OGDEN — As fewer and fewer veterans populate the United States, veterans organizations are seeing a corresponding decrease in memberships. But an American Legion post in west Ogden is bucking that trend, still going strong after 100 years.

On Monday, Ogden’s American Legion Baker-Merrill Post 9 will celebrate its centennial.

Housed in a 1,500-square-foot building on west 24th Street, the post is the third oldest, continuously active American Legion organization in Utah. Posts throughout the state were chartered in ascending order and there are only two posts in Utah older than the Ogden Legion: Post 2 and Post 3 in Nephi and Price, respectively.

Baker-Merrill currently has 438 current members, according to Bob Yeaman, another Vietnam veteran and adjutant of the post. Schow said up until last year, the post boasted the largest American Legion Membership in the state. A post in St. George has since taken over the top spot.

“But we’ll reclaim our rightful place again soon,” Schow said.

The post counts several high-profile Weber County veterans as members.

Bob Ramos and Casey Kunimura belong to Post 9. As an Army man, Ramos saw combat during three different U.S. conflicts.

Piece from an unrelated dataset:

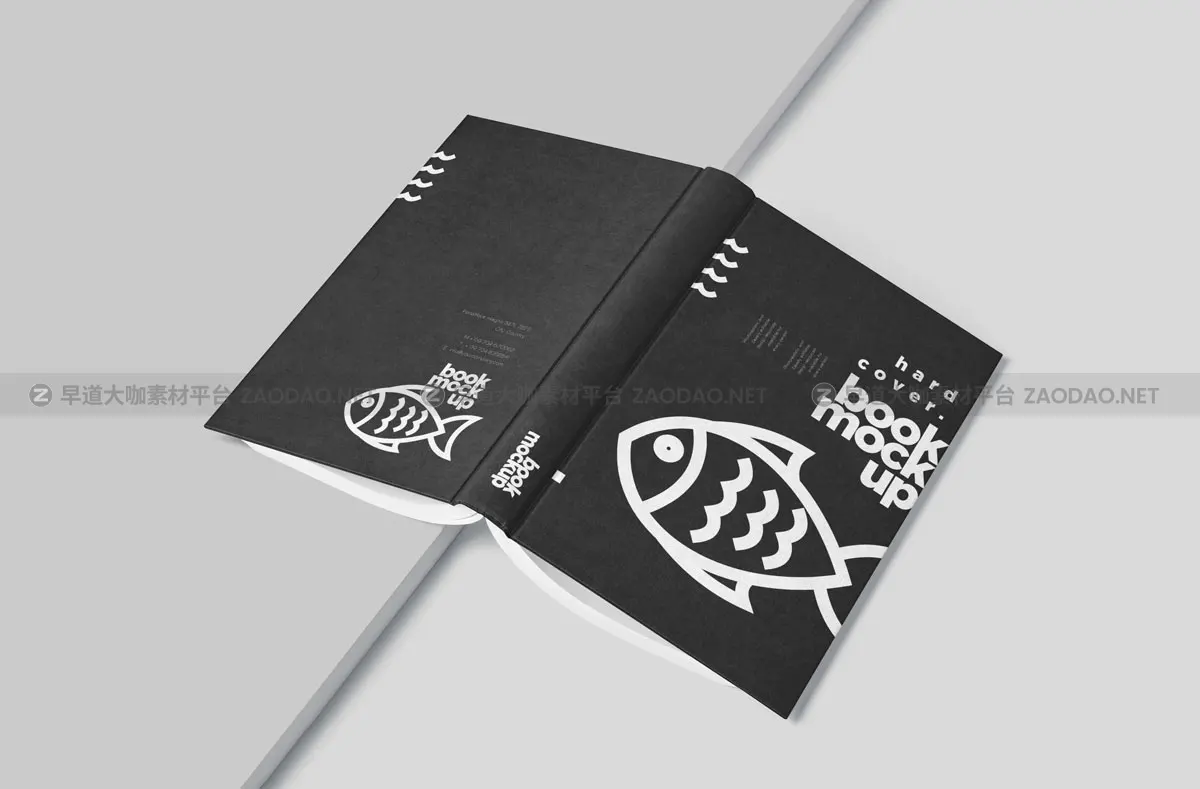 5款精装书封面设计展示图样机模板 Small Hardcover Book Cover Mockups插图3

He fought in both Europe and the Pacific during WWII, then saw action again in both Korea and Vietnam. Kunimura, also an Army veteran, served in WWII, Korea and Vietnam, as well. He also spent time in a Japanese internment camp before joining the military.

Medal of Honor recipient George Wahlen, for whom the Ogden veterans home is named after, was also a member until he died in 2009. Schow said Wahlen met his wife Melba at the Legion’s current home on 24th Street, though back then it was an establishment called “The Keg.”

First and foremost, Schow says, the Legion is about service. The organization runs the Boys and Girls State program; American Legion Baseball; it gives scouting recognitions; provides military funeral honors; helps veterans access their Veterans Administration benefits and more. The American Legion also led the battle to establish the GI Bill.

But aside from charity, life at the post is also about camaraderie.

“We like to get together and tell old sea stories,” Yeaman said.

Post commander and Vietnam veteran A.C. Scheer says the group provides veterans with a one-of-a-kind opportunity to connect with people who have experienced war.

“For any service guy — it’s hard to talk about what’s happened to them in a combat zone,” he said. “Until you have actually been through it ... you don’t understand. ... The goal for us is that we can accept a veteran and talk to him and hopefully help him adjust to everything that has to happen. The conversion from being in the military to being a civilian is a tough one.”

Schow says it’s for that reason that younger war veterans would benefit from the Legion.

According to the Pew Research Center, the U.S.’s veteran population is on the decline. In 2016, only 7% of U.S. adults were veterans, down from 18% in 1980, according to the U.S. Census Bureau. Pew says the drop is directly related to decreases in active duty personnel, which over the past 50 years, has dropped significantly, from 3.5 million in 1968, to 1.3 million in 2016. The VA projects the decline will continue for the foreseeable future.

Shrinking numbers in veterans organizations like the Legion and Veterans of Foreign Wars has also been well-publicized in recent years.

While the Baker-Merrill post still maintains a healthy membership, Schow said looking to the future can’t be ignored.

“(Recruiting a younger generation) obviously is part of the challenge,” he said. “We do need to get younger members in. It’s a problem in a lot of places — even in the Kiwanis and Rotary (clubs), those organizations are struggling too. For the American Legion, I feel it an obligation to try and make sure it keeps moving forward. I just believe it’s an important organization to have.”

Post 9 will celebrate 100 years on July 8 at 845 W. 24th Street in Ogden. American Legion National Commander Brett Reistad is scheduled to attend, with several other activities planned.